Before: \( A = \thecounterA, \; B = \thecounterB \) \\
\loop
  \computeRemainder{counterA}{counterB}
  \swapCounters{counterA}{counterB}
\ifnum \value{counterB} > 0
  Since this is true, shouldn't the loop continue? \\
\repeat
End: \( A = \thecounterA, \; B = \thecounterB \)

\end{document}

The above code produces the following output:

Output of code

My understanding of loops would suggest that, if it prints the text between \ifnum \value{counterB} > 0 and \repeat, it should repeat the loop. However, after this executes, both counterA and counterB are greater than 0. Any idea why the outer loop won't continue?

5
  • 3
    you can't nest \loop at the same grouping level tex.stackexchange.com/questions/22877/tex-nested-loops Oct 4, 2018 at 21:57
  • Thanks! That fixed it, and it pointed out another bug I had. (The first part of \computeRemainder should be >= instead of >, but I think LaTeX doesn't have >=, so I added an \ifnum \value{#1} = \value{#2} clause to subtract once more if needed.)
    – Pi Fisher
    Oct 4, 2018 at 22:30
  • as it's integer arithmetic if a >=b then x else y is same as if a<b then y else x Oct 4, 2018 at 22:44
  • 1
    \unless\ifnum a<b is the same as \ifnum a>=b also in the context of \loop.
    – egreg
    Oct 4, 2018 at 22:54
  • I didn't use a<b because I think \loop ignores the false case.
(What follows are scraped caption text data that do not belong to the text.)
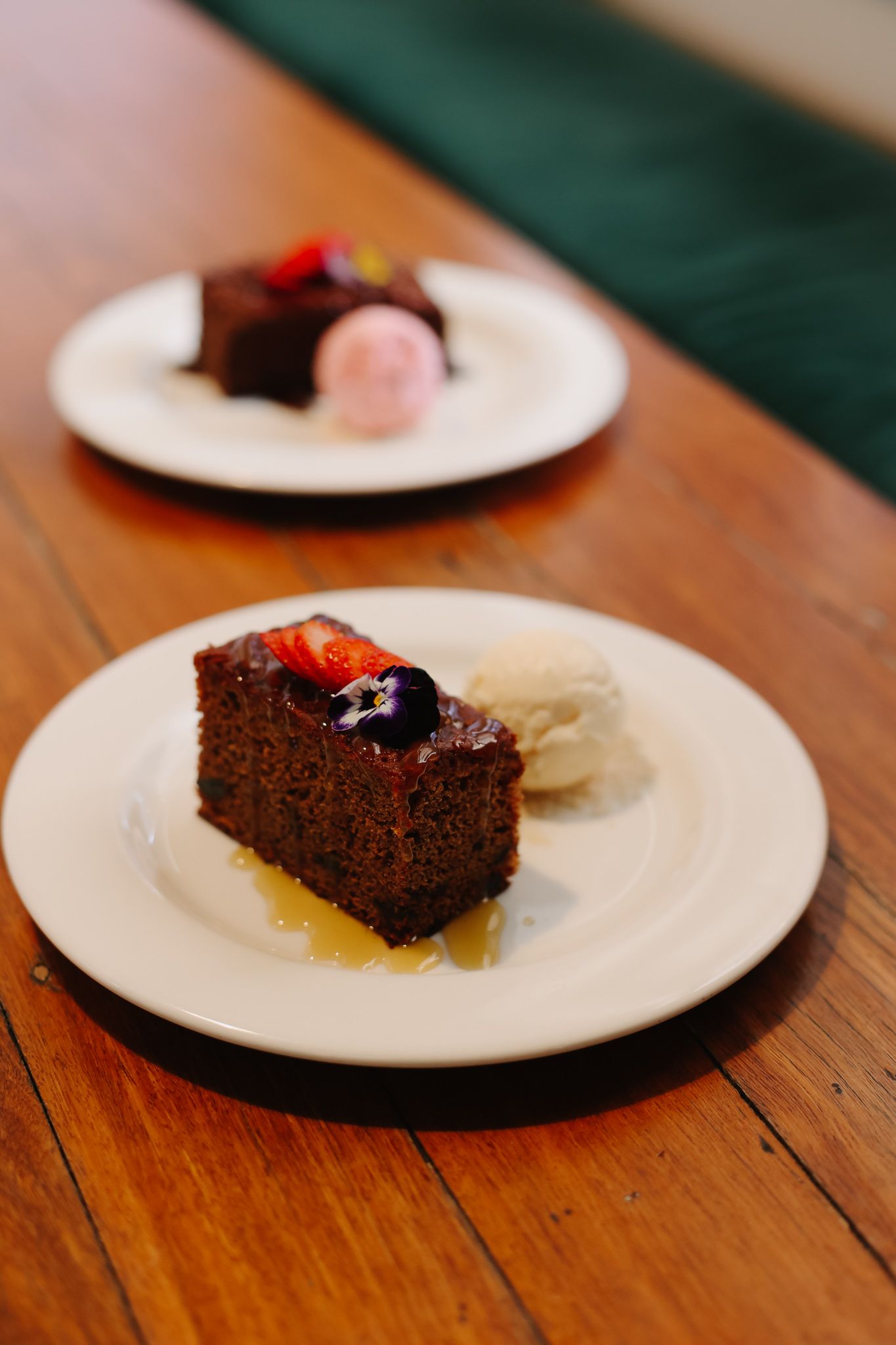 Two slices of chocolate cake with ice cream and fruit on white plates, on a wooden table.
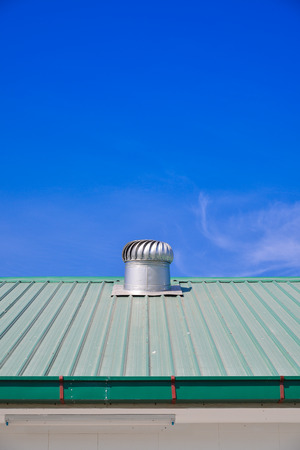Turbine roof ventilation system on top of metal sheet roof の写真素材
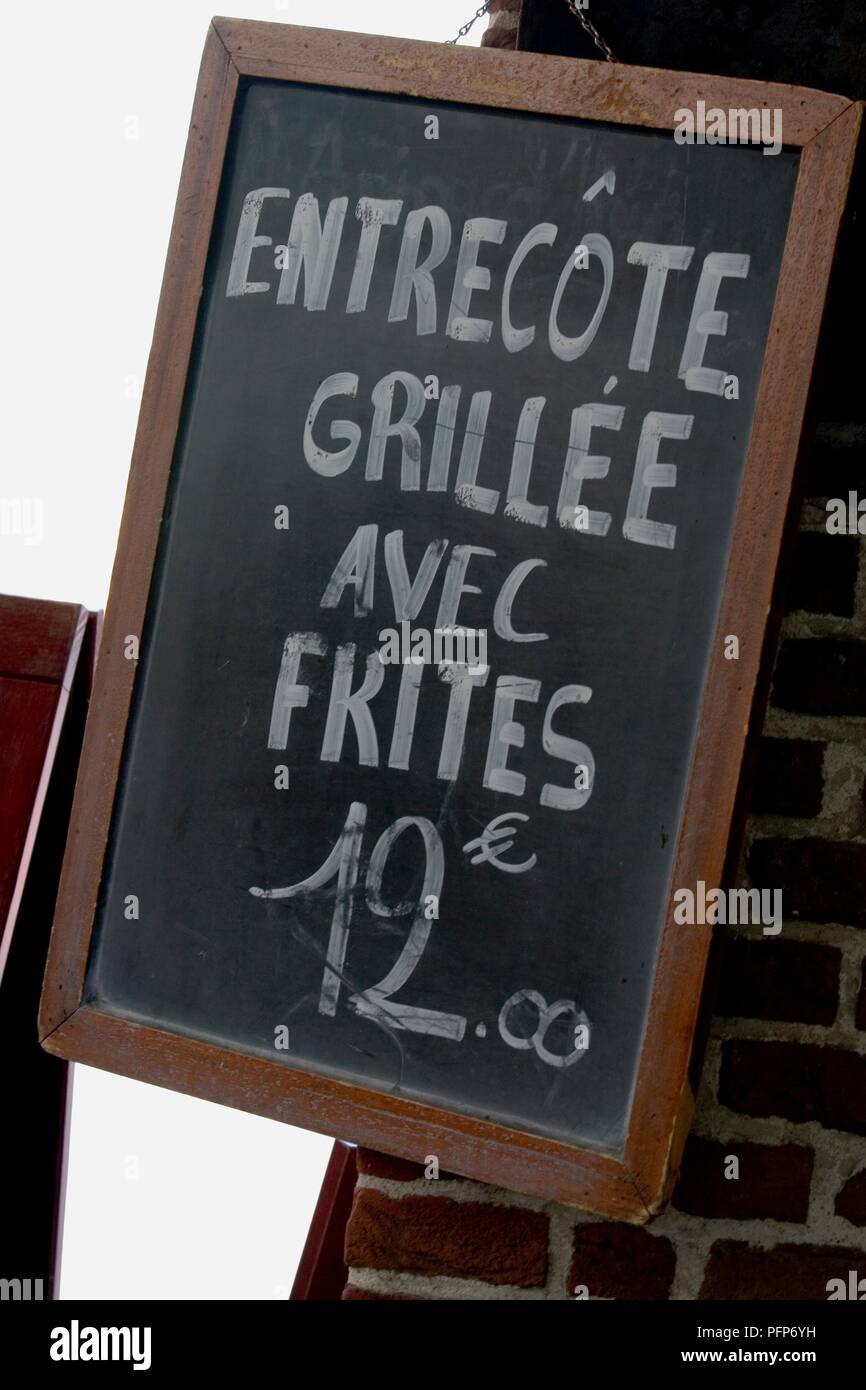 France, sign for steak and chips in French on blackboard Stock Photo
Thanks @egreg for pointing out the \unless macro works.
    – Pi Fisher
    Oct 5, 2018 at 13:36

1 Answer 1

3

You can't nest \loop at the same level of grouping, see Tex Nested Loops

For the problem of >= you can use

\loop\unless\ifnum \value{#1} < \value{#2}

You may also be interested in a fully expandable version.

\documentclass{article}
\usepackage{xparse}

\ExplSyntaxOn
\NewExpandableDocumentCommand{\euclid}{mm}
 {
  \int_compare:nTF { \int_abs:n { #1 } < \int_abs:n { #2 } }
   {
    \egreg_euclid:ff { \int_abs:n { #2 } } { \int_abs:n { #1 } }
   }
   {
    \egreg_euclid:ff { \int_abs:n { #1 } } { \int_abs:n { #2 } }
   }
 }

\cs_new:Nn \egreg_euclid:nn
 {
  \int_compare:nTF { #2 = 0 }
    { #1 } % end
    { \egreg_euclid:nf { #2 } { \int_mod:nn { #1 } { #2 } } }
 }
\cs_generate_variant:Nn \egreg_euclid:nn { nf , ff }
\ExplSyntaxOff

\begin{document}

\euclid{45}{27}

\euclid{45}{-27}

\euclid{27}{45}

\euclid{10}{0}

\euclid{0}{0}

\edef\temp{\euclid{2345}{356}}

\texttt{\meaning\temp}

\end{document}

The \egreg_euclid:nn macro calls itself recursively (using a variant in the subsequent calls in order to use “explicit” values for efficiency).

enter image description here

Also negative values are accepted and normalized at startup, so the gcd is always nonnegative.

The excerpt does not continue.